= REQUIREMENT =
For every line in the material, output its text exactly and exclude any image it holds.
+--
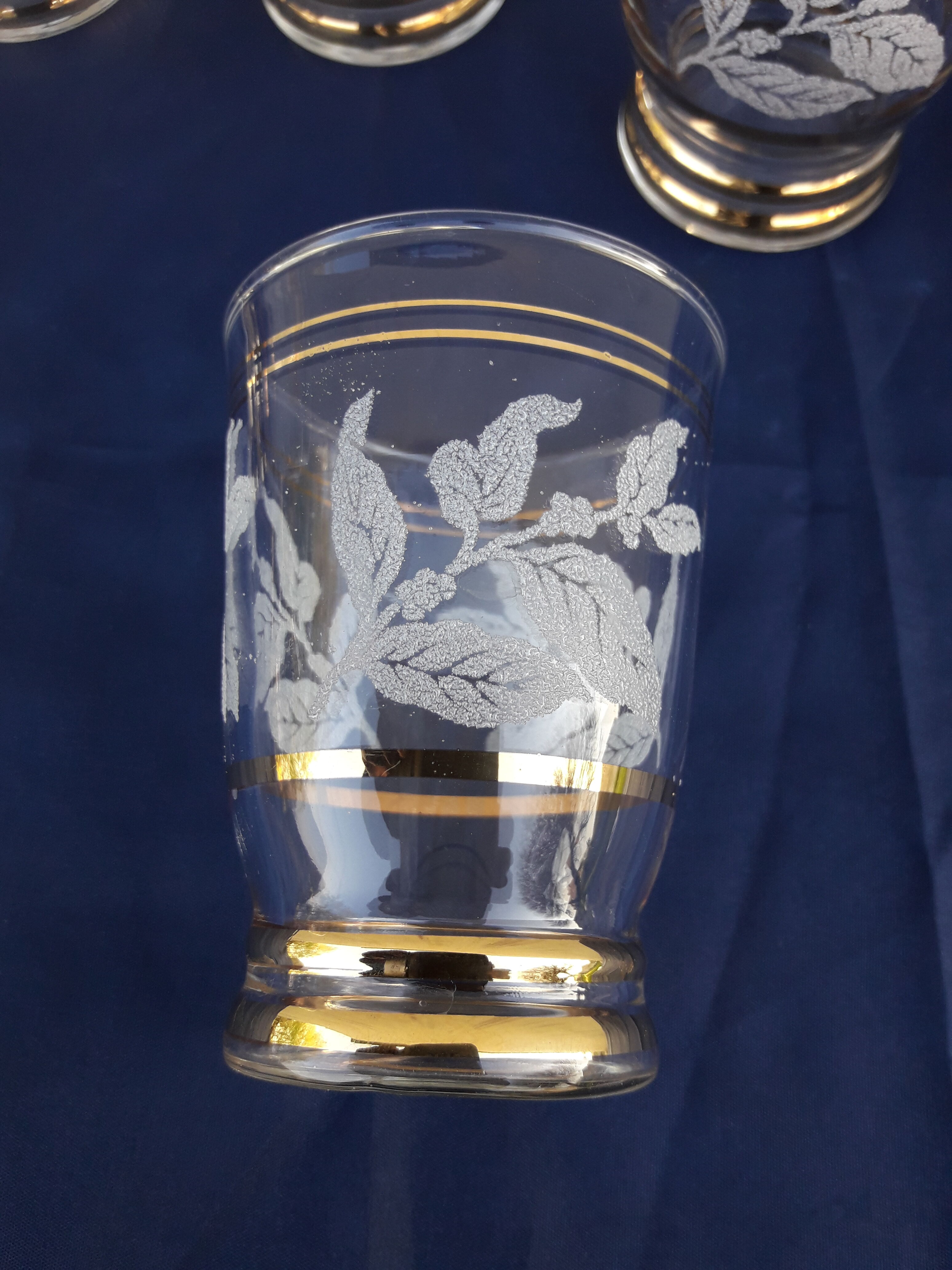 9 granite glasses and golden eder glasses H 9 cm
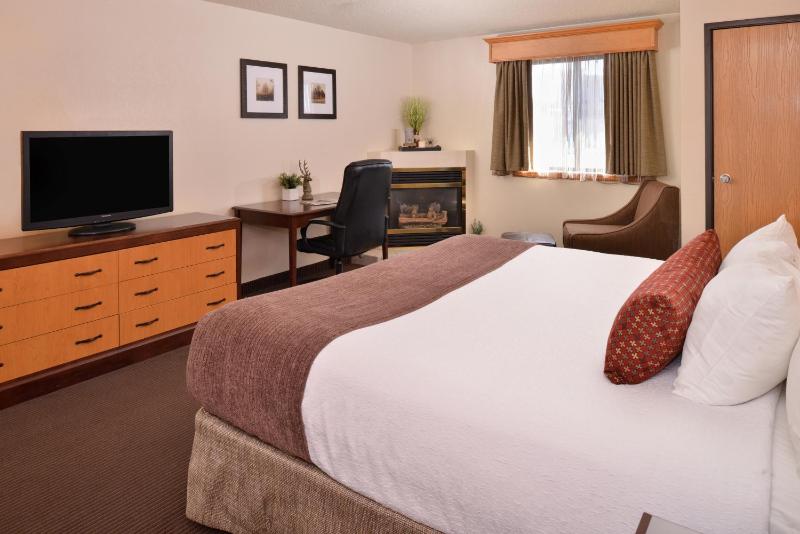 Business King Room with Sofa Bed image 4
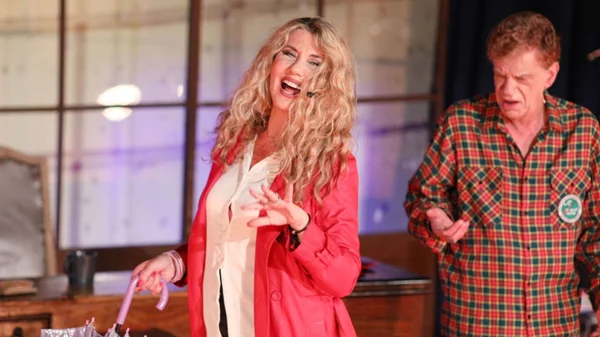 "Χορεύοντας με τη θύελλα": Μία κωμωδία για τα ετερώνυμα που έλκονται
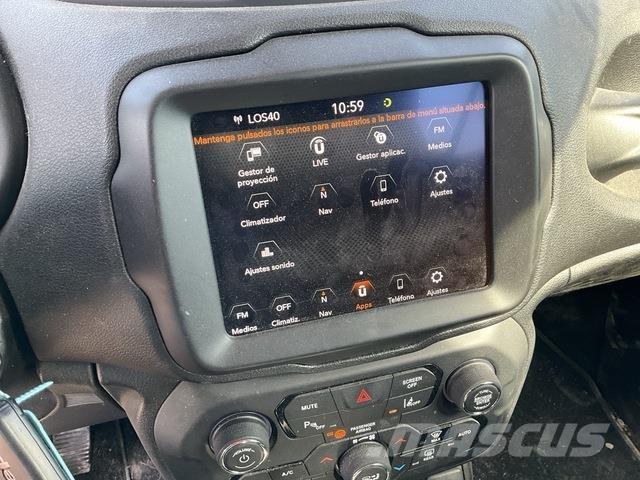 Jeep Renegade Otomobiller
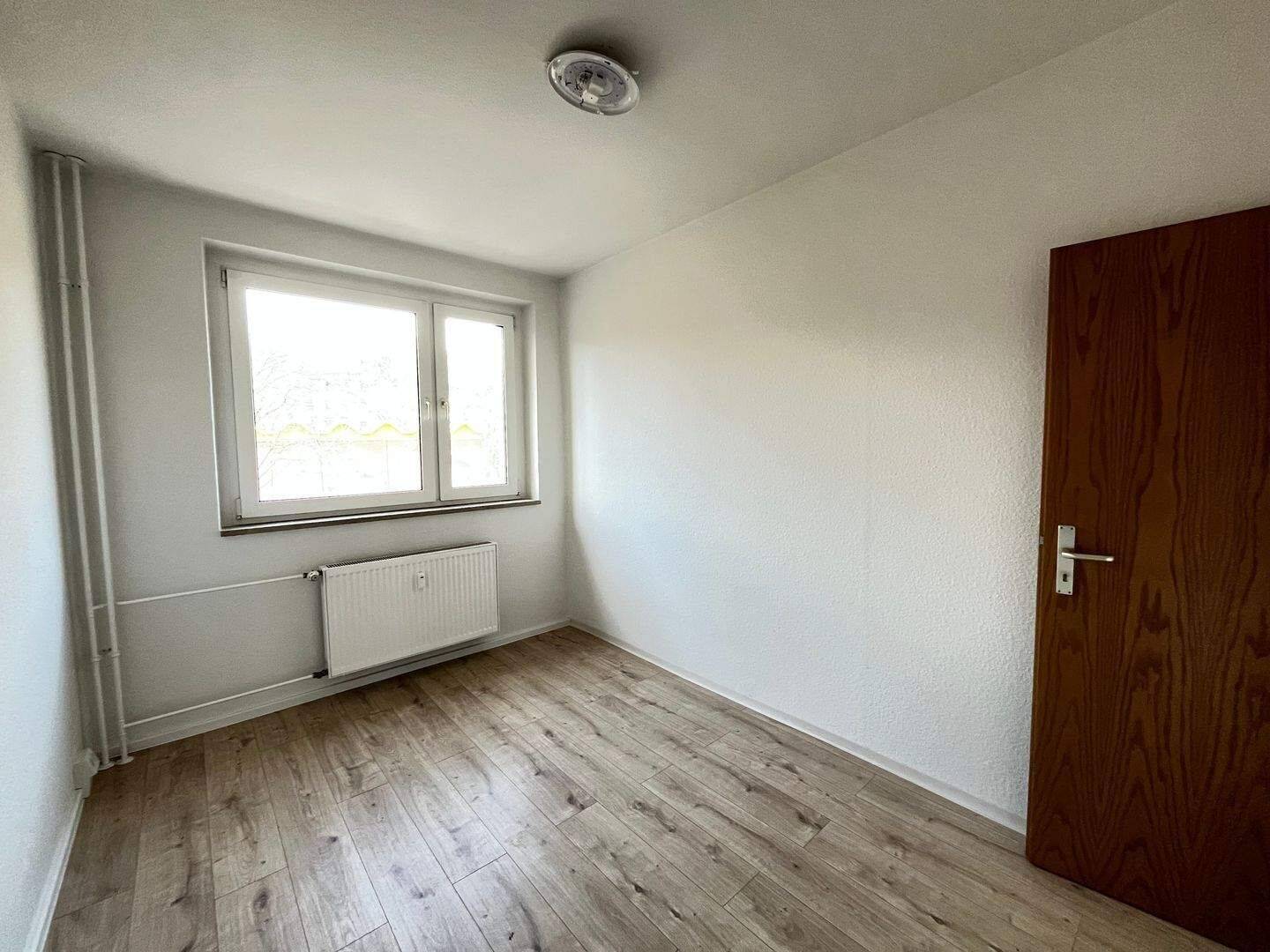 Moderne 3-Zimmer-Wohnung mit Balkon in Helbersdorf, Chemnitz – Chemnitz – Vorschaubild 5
+--
= SOLUTION BELOW =
 9 granite glasses and golden eder glasses H 9 cm
 Business King Room with Sofa Bed image 4
 "Χορεύοντας με τη θύελλα": Μία κωμωδία για τα ετερώνυμα που έλκονται
 Jeep Renegade Otomobiller
 Moderne 3-Zimmer-Wohnung mit Balkon in Helbersdorf, Chemnitz – Chemnitz – Vorschaubild 5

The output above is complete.